DESCRIPTION OF THE TASK
Quote the data below in full, please, without altering anything.

──────── SUPPLIED MATERIAL

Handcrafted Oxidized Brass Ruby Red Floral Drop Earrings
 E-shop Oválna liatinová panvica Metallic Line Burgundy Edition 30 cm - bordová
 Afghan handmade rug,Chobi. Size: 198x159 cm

────────────────

RESPONSE AREA
Handcrafted Oxidized Brass Ruby Red Floral Drop Earrings
 E-shop Oválna liatinová panvica Metallic Line Burgundy Edition 30 cm - bordová
 Afghan handmade rug,Chobi. Size: 198x159 cm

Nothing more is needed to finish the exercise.